On oppose théoriquement l'art classique à l'art urbain.Cependant ce dernier s'inspire des œuvres traditionnelles, les artistes s'approprient les œuvres de leurs aînés en les remaniant à leur manière, en les revisitant. Les buts étant divers, on peut tout de même y voir une volonté de redonner un nouveau visage à l'art en le sortant des murs des musées. Loin de bannir les œuvres du passé, l'art urbain leur redonne vigueur et jeunesse notamment en leur rendant hommage, comme le montre le nombre important de reprises de la Joconde. L'artiste français Combo, apporte une touche humoristique à la figure de Napoléon, en reprenant le fameux tableau « Bonaparte franchissant le Grand-Saint-Bernard » fait entre 1800 et 1803, par Jacques-Louis David. Il le représente avec le maillot de l'équipe de France de football, afin de fêter la victoire de 2018. L'art classique est aussi source d'inspiration pour les artistes qui comme Banksy revendique une affirmation politique. C'est le cas de Goin, se servant de la Vénus de Milo, pour dénoncer la dureté de l'UE vis-à-vis de la Grèce. Paradoxe intéressant du fait que la Vénus de Milo renvoie à la richesse passée de la Grèce antique.

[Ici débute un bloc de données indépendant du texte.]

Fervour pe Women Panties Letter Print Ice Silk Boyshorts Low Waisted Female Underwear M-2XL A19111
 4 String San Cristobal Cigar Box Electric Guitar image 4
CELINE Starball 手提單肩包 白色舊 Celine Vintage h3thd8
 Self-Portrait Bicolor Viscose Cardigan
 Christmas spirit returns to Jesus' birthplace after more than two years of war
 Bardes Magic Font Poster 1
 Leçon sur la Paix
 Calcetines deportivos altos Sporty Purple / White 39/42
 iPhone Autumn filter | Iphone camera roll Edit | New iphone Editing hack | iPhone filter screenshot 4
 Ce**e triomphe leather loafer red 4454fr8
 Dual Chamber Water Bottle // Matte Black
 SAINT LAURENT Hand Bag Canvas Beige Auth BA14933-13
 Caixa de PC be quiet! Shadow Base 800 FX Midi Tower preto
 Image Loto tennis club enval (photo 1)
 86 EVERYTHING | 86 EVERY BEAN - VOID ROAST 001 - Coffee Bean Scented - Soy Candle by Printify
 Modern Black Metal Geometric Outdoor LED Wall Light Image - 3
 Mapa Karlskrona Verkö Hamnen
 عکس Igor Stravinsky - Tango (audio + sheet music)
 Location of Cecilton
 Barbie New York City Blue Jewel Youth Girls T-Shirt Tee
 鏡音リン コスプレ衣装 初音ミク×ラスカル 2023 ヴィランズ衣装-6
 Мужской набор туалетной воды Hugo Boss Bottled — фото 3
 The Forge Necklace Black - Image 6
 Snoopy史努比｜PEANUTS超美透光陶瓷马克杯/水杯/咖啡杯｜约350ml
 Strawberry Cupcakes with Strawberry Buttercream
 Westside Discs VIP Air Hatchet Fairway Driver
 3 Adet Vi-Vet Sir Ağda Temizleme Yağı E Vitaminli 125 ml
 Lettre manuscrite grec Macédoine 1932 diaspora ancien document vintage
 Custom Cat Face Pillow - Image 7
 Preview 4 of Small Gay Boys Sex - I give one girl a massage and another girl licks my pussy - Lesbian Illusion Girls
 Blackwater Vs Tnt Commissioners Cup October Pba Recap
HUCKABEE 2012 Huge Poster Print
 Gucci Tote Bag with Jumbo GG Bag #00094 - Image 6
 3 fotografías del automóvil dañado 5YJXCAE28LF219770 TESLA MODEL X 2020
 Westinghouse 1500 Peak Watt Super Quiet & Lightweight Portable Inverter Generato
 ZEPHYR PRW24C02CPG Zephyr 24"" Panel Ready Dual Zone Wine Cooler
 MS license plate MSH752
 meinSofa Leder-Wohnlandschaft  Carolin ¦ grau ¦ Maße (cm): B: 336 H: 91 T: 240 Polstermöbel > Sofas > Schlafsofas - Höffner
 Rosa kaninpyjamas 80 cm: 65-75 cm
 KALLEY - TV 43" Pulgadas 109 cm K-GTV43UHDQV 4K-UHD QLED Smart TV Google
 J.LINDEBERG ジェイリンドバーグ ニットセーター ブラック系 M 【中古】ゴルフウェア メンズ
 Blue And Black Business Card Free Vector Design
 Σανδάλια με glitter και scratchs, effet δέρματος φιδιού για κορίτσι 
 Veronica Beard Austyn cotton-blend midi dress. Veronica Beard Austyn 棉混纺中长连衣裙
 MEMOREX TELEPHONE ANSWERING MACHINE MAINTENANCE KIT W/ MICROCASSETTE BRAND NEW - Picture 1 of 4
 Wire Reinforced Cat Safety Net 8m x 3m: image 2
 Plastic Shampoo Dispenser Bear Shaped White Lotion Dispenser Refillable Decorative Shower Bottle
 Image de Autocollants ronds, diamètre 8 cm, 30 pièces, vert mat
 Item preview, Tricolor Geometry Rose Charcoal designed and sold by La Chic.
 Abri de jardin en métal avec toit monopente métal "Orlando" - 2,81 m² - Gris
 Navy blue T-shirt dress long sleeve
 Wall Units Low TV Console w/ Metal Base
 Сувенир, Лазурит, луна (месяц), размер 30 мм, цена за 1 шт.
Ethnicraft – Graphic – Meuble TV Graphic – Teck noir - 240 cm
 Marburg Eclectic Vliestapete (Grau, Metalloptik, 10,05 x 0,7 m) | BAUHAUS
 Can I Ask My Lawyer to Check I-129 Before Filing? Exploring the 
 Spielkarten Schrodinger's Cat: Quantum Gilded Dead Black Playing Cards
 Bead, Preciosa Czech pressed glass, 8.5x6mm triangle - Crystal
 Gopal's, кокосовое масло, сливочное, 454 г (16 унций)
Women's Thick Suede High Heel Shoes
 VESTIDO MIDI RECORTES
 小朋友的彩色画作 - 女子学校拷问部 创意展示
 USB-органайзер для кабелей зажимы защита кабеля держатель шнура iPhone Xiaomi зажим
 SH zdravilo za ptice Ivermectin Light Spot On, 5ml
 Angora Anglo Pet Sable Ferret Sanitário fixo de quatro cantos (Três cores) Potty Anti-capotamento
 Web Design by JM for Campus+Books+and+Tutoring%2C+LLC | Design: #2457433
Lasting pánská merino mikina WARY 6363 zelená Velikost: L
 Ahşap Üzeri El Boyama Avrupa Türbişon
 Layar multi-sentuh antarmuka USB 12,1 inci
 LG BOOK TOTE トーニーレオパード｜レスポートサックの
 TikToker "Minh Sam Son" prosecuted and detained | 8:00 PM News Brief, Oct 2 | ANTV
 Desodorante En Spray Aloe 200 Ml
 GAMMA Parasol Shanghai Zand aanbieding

Hélas même dans l'art de rue les entreprises et actionnaires essayent de se faire de l'argent. Le marché du street art est un marché florissant toujours autant en expansion, les œuvres se vendant à des sommes exorbitantes. Comme le dit d'ailleurs le journal Le Monde en évoquant le fait que « D’après la base de données Artprice, il s’est vendu en 2019 plus d’œuvres de Kaws (712 lots) que de toiles de Jean-Michel Basquiat (63 lots) ». Même Banksy aurait cédé à la tentation en 2007 en vendant une de ses œuvres chez Sotheby's en 2007. Mais pour celui-ci et son équipe, ils déclarent bénéficier de cet argent pour continuer l'art de la contestation. Banksy à cela rétorque « je n'en reviens pas que vous puissiez acheter des merdes pareilles, bandes de débiles ». On en tire de tristes conclusions, société où tout se vend et s'achète, représentative du capitalisme libéral. C'est pourtant un art qui se veut à ses origines, non monnayable et ouvert à tous avec une volonté d'affirmer un discours. Mais qui est pourtant réduit au rang d'objet accessible, si on a de l'argent.


On peut tout de même clôturer sur une touche positive avec l'anecdote de la célèbre œuvre «la petite fille au ballon ». Œuvre symbolique, singulière et commémorative des victimes de la guerre en Syrie. Cette œuvre a été mise aux enchères le 5 octobre 2018 à Londres. Mais à peine le marteau venait de signaler la fin de la vente s'élevant à 1,2 million d'euros, qu'un mécanisme interne a déchiqueté la toile. L’œuvre par une sonnerie, s'est directement autodétruite sous le regard médusé du public. L’artiste en question a directement partagé la vidéo de l'événement en commentant « adjugé, vendu... ». Cet événement souligne peut-être d'une certaine façon la guerre lancée par Banksy au marché de l'art, et l'ironie avec laquelle il joue avec la société. On peut y voir une note d'espoir, l'art traverse les siècles et signe notre passage sur terre, à nous d'y laisser dans cette société égoïste et destructrice une trace combattante.